Wed Apr 8 11:27:24 2015 [Z0][VMM][I]: VM Snapshot successfully created.
Wed Apr 8 11:28:19 2015 [Z0][VMM][I]: VM Snapshot successfully reverted.
Wed Apr 8 11:29:15 2015 [Z0][VMM][I]: VM Snapshot successfully reverted.
Wed Apr 8 11:30:08 2015 [Z0][VMM][I]: VM Snapshot successfully reverted.
Wed Apr 8 11:31:04 2015 [Z0][VMM][I]: VM Snapshot successfully reverted.
Wed Apr 8 11:32:00 2015 [Z0][VMM][I]: VM Snapshot successfully reverted.
Wed Apr 8 11:32:56 2015 [Z0][VMM][I]: VM Snapshot successfully reverted.
Wed Apr 8 11:33:49 2015 [Z0][VMM][I]: VM Snapshot successfully reverted.
Wed Apr 8 11:34:45 2015 [Z0][VMM][I]: VM Snapshot successfully reverted.
Wed Apr 8 11:34:45 2015 [Z0][VMM][I]: VM running but monitor state is POWEROFF
Wed Apr 8 11:34:45 2015 [Z0][DiM][I]: New VM state is POWEROFF
Wed Apr 8 11:35:35 2015 [Z0][VMM][I]: VM found again, state is RUNNING
Wed Apr 8 11:35:35 2015 [Z0][LCM][I]: New VM state is RUNNING

When this happens, the snapshot is lost (because VM state was changed).

Regards,
Joaquín


Related issues

Related to Bug #3740: VM snapshots not visible after powercycle (poweroff / res... Closed 04/08/2015

History

#1 Updated by Ruben S. Montero over 6 years ago

  • Related to Bug #3740: VM snapshots not visible after powercycle (poweroff / resume) added

#2 Updated by Ruben S. Montero over 6 years ago

Hi Joaquin

It seems that the monitor probe sends information while the VM is snapshoting... oned then assumes it's been powered off and clears the snapshots in its internal data. When the VM is found again it's moved to running but the snapshots are gone.
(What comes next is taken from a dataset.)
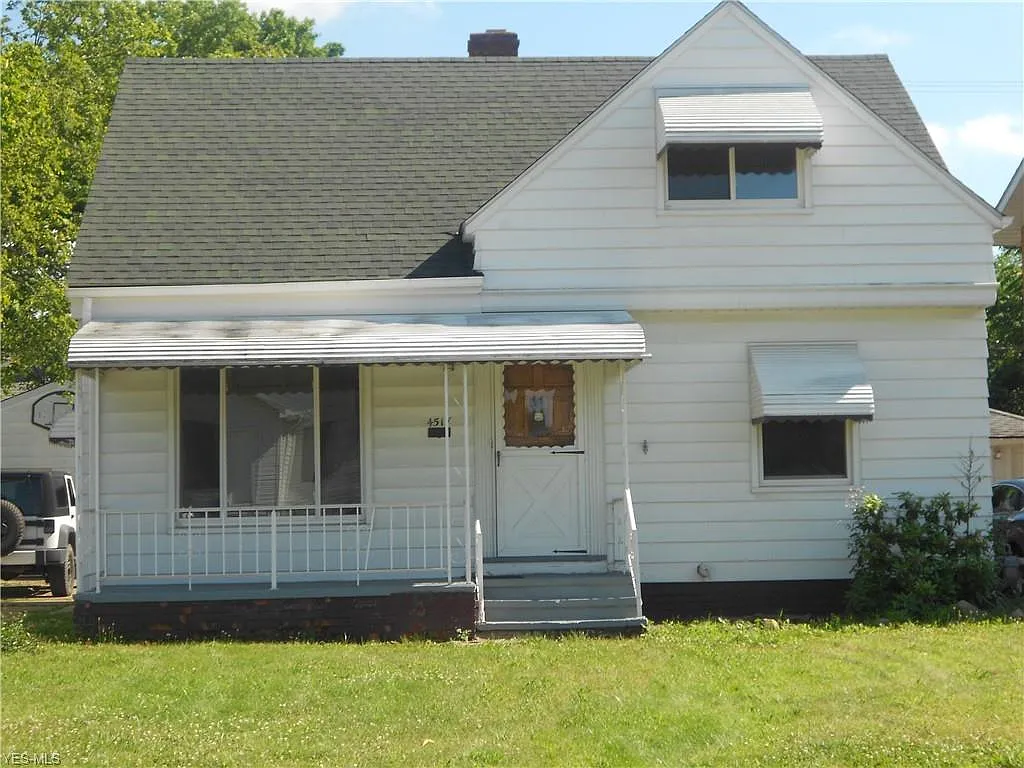 4517 Wood Ave photo 1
This will be solved by preserving snapshots during a powercycle, till then try to tune the timing of the action and the monitoring cycle (although playing with timing in a distributed system is not a good idea...).

Alternatively we can take a look to the monitor probe to report the VM as active while snapsotting.

Thanks

#3 Updated by Ruben S. Montero over 6 years ago

  • Category set to Drivers - VM
  • Status changed from Pending to New
  • Target version set to Release 4.14

#4 Updated by Joaquin Rinaudo over 6 years ago

Hi, can the alternative solution of reporting the VM as active when snapshoting be implemented before the 4.14 release?
Unfortunately, tuning the timing of the action isn't possible since the idea is to revert as soon as the job has finished (and the job duration is different in each run). I can try including dead waiting times to even out the jobs to be able to sync to the monitoring cycle but it's not a great solution performance wise.

Thanks

#5 Updated by Ruben S. Montero about 6 years ago

Joaquin Rinaudo wrote:

Hi, can the alternative solution of reporting the VM as active when snapshoting be implemented before the 4.14 release?
Unfortunately, tuning the timing of the action isn't possible since the idea is to revert as soon as the job has finished (and the job duration is different in each run). I can try including dead waiting times to even out the jobs to be able to sync to the monitoring cycle but it's not a great solution performance wise.

Thanks

We need to find out what's the state of a VM while snapshotting, basically the probe executes a virsh list and a dominfo. You may try to hack the state here:

https://github.com/OpenNebula/one/blob/master/src/vmm_mad/remotes/poll_xen_kvm.rb#L68

and here:

https://github.com/OpenNebula/one/blob/master/src/vmm_mad/remotes/poll_xen_kvm.rb#L271

#6 Updated by Joaquin Rinaudo about 6 years ago

When snapshotting (both taking and reverting a snapshot) the state is set to paused.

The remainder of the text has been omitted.